Nova Scotia’s chief electoral officer says the provincial government has failed to provide his office with enough money to get the province ready for the next provincial election – but the justice minister is insisting the funding is on its way.
Richard Temporale issued a report Wednesday saying Elections Nova Scotia’s deadline for election readiness must be pushed back a year to April 1, 2021.
That could be a problem because Premier Stephen McNeil’s Liberal government has been in power since May 2017, which means it’s possible an election will be called before the deadline.
“If an election is called before the plans are fully implemented, both the quality and the integrity of the election may be at risk,” Temporale said in a statement.
Nova Scotia is the only province in Canada without fixed election dates.
As a result, Temporale said he must anticipate the earliest date on which an general election could be called.
He noted that eight of the last 11 provincial governments were majorities where, on average, the premier called an election before the governing party entered its fourth year in office.
“We are now more than halfway through the 2019-2020 fiscal year and a full two-and-a-half years into the current government’s mandate,” Temporale said, noting that the latest an election could be called in the spring of 2022.
“Without funding to prepare for the next general election, we are unable to move ahead with many of our election readiness activities, in particular those that require paying for external services, infrastructure and equipment.”
Justice Minister Mark Furey issued a statement later in the day, saying the government has consistently provided Elections Nova Scotia with the money it needs to be election ready.
“Elections Nova Scotia has always done an exemplary job of managing general elections and by-elections, and we have full confidence they will continue to do so,” Furey said.
“It is important to be ready for the next election, and we will continue to work with Elections Nova Scotia to ensure that when the premier calls the next general election, ENS will continue to fulfill its obligation to Nova Scotians.”
Temporale’s report says he flagged the need for funding and legislative changes after the 2017 election, but the changes were not approved in the 2019-2020 fiscal year.
The report says the lack of funding and legislative uncertainty has hindered the ability of his independent, non-partisan agency to deliver on its mandate.
As well, Temporale says his office will face additional challenges with the implementation of the province’s new electoral boundaries, which recently became law.

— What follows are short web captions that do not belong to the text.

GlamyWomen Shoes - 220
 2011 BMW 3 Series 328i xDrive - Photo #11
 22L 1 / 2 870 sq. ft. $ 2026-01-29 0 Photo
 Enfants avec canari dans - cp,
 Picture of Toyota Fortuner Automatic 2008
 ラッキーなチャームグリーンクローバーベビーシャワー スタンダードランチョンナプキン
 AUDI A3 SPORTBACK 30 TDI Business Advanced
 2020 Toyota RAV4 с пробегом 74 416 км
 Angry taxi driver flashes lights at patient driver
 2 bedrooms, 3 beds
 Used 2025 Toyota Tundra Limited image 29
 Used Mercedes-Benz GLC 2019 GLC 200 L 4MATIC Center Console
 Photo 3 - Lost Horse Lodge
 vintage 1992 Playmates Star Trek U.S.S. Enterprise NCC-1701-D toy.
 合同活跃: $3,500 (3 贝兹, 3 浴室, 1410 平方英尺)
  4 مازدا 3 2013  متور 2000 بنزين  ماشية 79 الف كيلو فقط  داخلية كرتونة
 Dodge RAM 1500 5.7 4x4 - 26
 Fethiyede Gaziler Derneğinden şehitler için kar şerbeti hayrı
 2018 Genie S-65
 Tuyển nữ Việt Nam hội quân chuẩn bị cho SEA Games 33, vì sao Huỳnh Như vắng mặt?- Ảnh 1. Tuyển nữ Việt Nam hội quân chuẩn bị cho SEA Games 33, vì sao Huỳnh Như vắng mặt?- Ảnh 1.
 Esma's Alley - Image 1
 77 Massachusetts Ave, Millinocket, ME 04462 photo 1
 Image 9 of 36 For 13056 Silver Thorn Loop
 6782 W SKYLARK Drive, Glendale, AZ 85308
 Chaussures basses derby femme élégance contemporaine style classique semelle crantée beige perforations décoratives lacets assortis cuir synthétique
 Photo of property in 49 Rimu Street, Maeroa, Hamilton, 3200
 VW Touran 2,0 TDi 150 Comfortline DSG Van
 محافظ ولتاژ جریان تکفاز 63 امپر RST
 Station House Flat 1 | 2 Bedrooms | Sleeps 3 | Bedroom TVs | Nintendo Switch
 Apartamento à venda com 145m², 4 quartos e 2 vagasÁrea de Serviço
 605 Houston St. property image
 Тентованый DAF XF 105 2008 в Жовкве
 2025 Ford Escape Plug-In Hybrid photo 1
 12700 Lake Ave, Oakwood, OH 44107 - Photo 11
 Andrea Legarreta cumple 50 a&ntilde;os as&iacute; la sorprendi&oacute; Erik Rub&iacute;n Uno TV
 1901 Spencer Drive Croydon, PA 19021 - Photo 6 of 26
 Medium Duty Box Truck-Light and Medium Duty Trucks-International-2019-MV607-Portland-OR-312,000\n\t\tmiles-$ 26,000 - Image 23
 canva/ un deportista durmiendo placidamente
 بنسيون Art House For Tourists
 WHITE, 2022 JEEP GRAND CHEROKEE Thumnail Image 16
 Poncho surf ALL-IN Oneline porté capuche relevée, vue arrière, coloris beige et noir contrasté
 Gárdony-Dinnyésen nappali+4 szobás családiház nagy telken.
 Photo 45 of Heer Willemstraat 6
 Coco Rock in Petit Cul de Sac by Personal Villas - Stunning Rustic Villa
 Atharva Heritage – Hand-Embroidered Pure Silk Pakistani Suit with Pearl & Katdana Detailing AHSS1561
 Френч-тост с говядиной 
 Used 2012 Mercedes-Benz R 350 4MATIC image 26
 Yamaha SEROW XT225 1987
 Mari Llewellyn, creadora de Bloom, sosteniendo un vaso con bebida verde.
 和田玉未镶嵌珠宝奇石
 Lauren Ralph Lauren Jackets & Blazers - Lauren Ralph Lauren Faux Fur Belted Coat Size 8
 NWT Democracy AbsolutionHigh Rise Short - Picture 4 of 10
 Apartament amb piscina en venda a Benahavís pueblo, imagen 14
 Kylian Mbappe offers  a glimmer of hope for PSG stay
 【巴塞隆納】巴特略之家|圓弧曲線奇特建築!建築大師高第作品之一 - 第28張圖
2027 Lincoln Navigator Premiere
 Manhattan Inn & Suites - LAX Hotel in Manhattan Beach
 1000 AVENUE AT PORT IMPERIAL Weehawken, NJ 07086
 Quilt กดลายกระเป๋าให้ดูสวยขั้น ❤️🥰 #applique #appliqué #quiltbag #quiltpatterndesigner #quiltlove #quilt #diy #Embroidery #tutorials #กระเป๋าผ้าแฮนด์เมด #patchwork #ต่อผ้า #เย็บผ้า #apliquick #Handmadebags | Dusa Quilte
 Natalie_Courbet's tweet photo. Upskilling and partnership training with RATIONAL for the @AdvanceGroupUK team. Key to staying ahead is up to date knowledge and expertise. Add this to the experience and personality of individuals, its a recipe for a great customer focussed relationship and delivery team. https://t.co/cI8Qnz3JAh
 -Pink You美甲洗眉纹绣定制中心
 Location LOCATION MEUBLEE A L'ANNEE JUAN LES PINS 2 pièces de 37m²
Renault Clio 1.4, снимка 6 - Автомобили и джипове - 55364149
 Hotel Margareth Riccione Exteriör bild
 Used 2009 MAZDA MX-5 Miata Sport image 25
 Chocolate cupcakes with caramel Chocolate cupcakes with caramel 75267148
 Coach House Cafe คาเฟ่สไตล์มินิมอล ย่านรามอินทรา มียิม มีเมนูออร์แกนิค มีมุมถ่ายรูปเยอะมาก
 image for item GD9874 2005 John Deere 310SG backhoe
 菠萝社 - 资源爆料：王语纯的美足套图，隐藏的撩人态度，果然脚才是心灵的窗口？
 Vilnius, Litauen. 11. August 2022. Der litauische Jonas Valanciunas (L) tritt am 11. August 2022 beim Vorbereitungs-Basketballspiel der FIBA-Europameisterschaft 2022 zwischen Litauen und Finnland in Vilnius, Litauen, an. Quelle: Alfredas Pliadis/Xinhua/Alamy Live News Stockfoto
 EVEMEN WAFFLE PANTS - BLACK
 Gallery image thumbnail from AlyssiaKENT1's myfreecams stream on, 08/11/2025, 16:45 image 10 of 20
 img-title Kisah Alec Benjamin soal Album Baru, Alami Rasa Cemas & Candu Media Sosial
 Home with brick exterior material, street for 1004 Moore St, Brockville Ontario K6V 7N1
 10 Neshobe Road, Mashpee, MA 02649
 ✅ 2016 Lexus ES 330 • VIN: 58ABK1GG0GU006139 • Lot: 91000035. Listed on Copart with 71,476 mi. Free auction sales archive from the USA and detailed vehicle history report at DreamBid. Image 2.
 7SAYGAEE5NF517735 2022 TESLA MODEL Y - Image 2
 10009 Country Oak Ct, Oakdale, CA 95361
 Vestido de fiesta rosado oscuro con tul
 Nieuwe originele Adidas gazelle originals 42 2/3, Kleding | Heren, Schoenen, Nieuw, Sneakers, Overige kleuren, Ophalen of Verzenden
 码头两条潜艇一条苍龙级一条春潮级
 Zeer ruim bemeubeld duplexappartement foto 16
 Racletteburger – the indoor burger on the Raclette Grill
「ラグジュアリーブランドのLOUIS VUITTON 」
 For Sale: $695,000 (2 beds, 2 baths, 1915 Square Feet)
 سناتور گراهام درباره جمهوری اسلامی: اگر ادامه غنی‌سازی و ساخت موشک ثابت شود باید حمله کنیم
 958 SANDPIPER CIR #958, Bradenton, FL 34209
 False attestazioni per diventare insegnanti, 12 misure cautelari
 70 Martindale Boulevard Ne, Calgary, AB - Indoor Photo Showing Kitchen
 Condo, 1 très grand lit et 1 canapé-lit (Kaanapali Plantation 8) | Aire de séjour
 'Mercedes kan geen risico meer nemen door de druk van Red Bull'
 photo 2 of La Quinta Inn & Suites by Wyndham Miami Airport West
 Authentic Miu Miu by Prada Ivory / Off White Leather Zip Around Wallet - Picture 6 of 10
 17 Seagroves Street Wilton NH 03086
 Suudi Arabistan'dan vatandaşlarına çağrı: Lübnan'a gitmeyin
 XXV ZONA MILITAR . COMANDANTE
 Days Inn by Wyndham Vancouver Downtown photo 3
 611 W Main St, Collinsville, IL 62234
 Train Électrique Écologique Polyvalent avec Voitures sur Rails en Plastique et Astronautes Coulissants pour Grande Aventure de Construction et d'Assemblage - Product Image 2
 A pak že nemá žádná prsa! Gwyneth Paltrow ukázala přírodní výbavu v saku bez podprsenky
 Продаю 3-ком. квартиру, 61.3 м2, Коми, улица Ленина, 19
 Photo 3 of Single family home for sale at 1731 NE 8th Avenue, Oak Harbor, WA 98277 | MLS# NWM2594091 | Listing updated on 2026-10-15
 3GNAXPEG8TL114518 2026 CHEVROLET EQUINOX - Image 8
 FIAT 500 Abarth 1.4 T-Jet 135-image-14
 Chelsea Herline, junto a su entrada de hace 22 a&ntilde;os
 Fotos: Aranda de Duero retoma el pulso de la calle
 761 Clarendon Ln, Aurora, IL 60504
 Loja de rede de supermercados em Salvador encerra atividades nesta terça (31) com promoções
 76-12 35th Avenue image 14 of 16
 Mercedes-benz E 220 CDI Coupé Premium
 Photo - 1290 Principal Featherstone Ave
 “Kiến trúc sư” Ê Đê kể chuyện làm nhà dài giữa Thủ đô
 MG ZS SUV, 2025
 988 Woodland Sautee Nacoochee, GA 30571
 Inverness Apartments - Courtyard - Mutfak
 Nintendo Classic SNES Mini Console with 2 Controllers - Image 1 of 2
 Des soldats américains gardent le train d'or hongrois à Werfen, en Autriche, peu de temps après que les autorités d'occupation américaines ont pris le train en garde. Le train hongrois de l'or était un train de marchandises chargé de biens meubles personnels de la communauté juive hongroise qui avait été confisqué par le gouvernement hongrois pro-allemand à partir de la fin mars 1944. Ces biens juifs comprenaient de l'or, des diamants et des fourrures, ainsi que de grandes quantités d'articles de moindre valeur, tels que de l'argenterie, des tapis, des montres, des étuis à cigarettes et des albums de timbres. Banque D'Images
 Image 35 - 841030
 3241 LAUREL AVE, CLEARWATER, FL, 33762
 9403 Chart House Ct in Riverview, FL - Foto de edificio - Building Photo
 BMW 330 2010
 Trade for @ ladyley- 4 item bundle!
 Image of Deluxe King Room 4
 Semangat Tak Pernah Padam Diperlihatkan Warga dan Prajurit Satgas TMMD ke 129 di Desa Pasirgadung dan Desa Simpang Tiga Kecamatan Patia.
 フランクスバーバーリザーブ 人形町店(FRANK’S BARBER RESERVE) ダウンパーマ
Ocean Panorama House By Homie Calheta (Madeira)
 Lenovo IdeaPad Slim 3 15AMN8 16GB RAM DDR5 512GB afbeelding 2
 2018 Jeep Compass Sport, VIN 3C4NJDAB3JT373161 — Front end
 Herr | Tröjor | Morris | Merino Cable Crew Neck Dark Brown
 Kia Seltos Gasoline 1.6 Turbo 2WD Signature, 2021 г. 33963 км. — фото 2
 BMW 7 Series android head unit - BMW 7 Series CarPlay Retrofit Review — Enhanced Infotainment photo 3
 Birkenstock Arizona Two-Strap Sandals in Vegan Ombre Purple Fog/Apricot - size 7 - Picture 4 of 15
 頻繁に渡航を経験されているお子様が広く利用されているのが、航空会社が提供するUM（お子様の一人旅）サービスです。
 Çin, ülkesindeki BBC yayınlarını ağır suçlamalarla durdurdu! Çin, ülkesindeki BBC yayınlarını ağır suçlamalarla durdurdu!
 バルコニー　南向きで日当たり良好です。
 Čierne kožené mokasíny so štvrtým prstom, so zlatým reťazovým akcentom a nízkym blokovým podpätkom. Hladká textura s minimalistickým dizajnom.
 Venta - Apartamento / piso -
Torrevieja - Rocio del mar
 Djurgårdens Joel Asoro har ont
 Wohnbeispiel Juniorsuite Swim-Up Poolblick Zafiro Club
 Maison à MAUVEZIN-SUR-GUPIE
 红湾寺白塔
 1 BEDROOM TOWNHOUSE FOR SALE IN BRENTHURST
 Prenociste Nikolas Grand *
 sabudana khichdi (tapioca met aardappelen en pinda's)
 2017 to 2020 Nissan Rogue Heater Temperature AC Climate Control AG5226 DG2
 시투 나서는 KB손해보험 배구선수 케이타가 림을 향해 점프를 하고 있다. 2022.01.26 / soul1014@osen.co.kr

“Ideally, it takes 18 months to be election ready,” Temporale said.
“For clarity, (my office) requires a minimum of one year with full election readiness funding to complete preparations for a general election … Compressing the election readiness schedule into this shorter time frame requires staff to regularly work overtime to deliver the necessary activities.”
NDP critic Claudia Chender said the province is ready for electoral reforms that include fixed election dates.
“Rejecting budget requests from the body that governs our system puts our democratic institutions at risk and could undermine our democracy,” the NDP’s house leader said in a statement.
“If the Liberal government is concerned about the cost of election readiness, they could set fixed election dates.”